GM Oil Consumption Lawsuit Dismissed

Posted in News

— A GM oil consumption lawsuit has been dismissed over vehicles equipped with Generation IV 5.3 Liter V8 Vortec 5300 LC9 engines.

The oil consumption class action lawsuit alleges Chevrolet Avalanche, Chevrolet Silverado, Chevrolet Suburban, Chevrolet Tahoe, GMC Sierra, GMC Yukon and GMC Yukon XL vehicles are defective if they are equipped with the Vortec 5300 LC9 engines.

Plaintiff Seth Hackler bought a new 2013 Chevrolet Silverado equipped with a Generation IV 5.3 Liter V8 Vortec 5300 LC9 engine.

The GM lawsuit alleges the automaker knew the engines were defective beginning in 2008 or 2009 when GM opened the "Red-X" investigation to collect engines from dealers.

The class action alleges oil consumption problems are caused by the location of the active fuel management oil pressure relief valve. The investigation also showed the secondary cause of problems was the higher tension oil pump spring used in the first three months of production for 2007 models.

According to the plaintiff, his truck went into limp mode in 2015, causing the oil light to turn on and the engine to shut down. The GM oil consumption lawsuit asserts the plaintiff pulled off the road into a service station to check the oil level. The plaintiff added 2.5 quarts of oil to the engine.

The dealership said the oil looked fine, but technicians performed an oil change. Then in 2017 an oil leak occurred from the rear main seal which was repaired by a non-GM dealer.

However, the oil consumption lawsuit alleges the oil pressure light illuminated when the truck had about 100,000 miles on it. The GM dealer said the truck needed an upgraded valve cover “to help with oil consumption.”

The plaintiff then filed the GM oil consumption lawsuit.

GM Oil Consumption Lawsuit Dismissed

In a previous motion to dismiss, Judge Lisa Godbey Wood  dismissed breach of express warranty, fraudulent concealment/omission, unjust enrichment and Magnuson-Moss Warranty Act claims. This left only a claim for alleged violations of the Florida Deceptive and Unfair Trade Practices Act (FDUTPA).

The plaintiff said GM violated the FDUTPA because it knowingly sold vehicles with an oil consumption defect. GM counters the plaintiff’s FDUTPA claim is barred by the statute of limitations.

The statute of limitations for claims brought under the FDUTPA is four years beginning at the time of purchase.
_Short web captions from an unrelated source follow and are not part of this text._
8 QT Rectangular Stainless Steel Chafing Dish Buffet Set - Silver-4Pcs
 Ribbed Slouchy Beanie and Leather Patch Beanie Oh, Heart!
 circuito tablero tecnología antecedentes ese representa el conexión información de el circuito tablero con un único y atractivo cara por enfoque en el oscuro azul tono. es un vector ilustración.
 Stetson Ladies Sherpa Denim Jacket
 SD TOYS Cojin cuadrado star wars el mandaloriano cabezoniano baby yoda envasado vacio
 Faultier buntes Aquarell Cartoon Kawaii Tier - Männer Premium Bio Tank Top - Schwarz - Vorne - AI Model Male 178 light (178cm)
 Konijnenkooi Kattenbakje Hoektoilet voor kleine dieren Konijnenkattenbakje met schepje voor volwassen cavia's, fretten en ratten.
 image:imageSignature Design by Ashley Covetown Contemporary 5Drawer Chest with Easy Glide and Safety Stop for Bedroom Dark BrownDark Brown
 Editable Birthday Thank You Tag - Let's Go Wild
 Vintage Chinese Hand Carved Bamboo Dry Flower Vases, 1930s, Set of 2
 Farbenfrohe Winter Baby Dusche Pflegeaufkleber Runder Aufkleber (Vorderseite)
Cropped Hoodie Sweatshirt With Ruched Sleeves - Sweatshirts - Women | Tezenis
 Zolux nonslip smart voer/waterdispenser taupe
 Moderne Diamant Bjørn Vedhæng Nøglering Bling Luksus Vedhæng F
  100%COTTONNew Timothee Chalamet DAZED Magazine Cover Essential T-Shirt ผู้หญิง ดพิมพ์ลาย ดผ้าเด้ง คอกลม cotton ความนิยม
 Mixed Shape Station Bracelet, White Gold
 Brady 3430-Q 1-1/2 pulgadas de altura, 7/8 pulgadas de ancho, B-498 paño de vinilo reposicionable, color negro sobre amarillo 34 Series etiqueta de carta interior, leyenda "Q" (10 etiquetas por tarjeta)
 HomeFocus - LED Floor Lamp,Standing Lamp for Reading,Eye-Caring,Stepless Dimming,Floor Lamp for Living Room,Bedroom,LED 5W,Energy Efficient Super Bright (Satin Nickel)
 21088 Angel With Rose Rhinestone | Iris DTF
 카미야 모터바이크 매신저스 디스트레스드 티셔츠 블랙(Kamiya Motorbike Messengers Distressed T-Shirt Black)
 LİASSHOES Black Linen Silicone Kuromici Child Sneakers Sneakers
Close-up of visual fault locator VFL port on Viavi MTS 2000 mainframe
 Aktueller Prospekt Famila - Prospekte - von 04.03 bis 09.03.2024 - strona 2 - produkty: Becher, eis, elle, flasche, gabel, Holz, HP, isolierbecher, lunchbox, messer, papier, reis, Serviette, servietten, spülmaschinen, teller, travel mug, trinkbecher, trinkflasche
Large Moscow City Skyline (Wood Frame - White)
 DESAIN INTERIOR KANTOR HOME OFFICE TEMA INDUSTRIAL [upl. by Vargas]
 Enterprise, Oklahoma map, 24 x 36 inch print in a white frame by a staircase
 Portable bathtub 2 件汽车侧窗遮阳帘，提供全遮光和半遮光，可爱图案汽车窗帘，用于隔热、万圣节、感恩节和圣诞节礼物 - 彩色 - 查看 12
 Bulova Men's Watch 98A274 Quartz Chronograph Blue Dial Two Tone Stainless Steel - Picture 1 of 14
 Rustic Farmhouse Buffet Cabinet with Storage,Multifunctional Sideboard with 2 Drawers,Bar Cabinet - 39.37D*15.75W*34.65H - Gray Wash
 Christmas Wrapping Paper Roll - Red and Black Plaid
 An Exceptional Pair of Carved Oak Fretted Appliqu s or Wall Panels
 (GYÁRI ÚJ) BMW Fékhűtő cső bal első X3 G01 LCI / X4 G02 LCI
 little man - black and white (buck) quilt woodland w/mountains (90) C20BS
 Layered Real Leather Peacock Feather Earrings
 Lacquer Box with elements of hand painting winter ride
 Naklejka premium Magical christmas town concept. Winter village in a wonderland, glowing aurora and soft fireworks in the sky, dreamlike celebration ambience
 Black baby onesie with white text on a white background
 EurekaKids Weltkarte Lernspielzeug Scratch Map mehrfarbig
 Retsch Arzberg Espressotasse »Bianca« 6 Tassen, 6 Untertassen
But the plaintiff argues his claim is not barred by the four-year statute of limitations because the automaker fraudulently concealed oil consumption problems.

In the legal world, the statute of limitations may mean nothing, including under Florida law if there is evidence of fraudulent concealment by GM.

This can can toll (suspend) the statute of limitations for a claim when the plaintiff proves “(1) successful concealment of the cause of action; (2) fraudulent means to achieve that concealment and (3) that the plaintiff exercised reasonable care and diligence in seeking to discover the facts that form the basis of the claim.”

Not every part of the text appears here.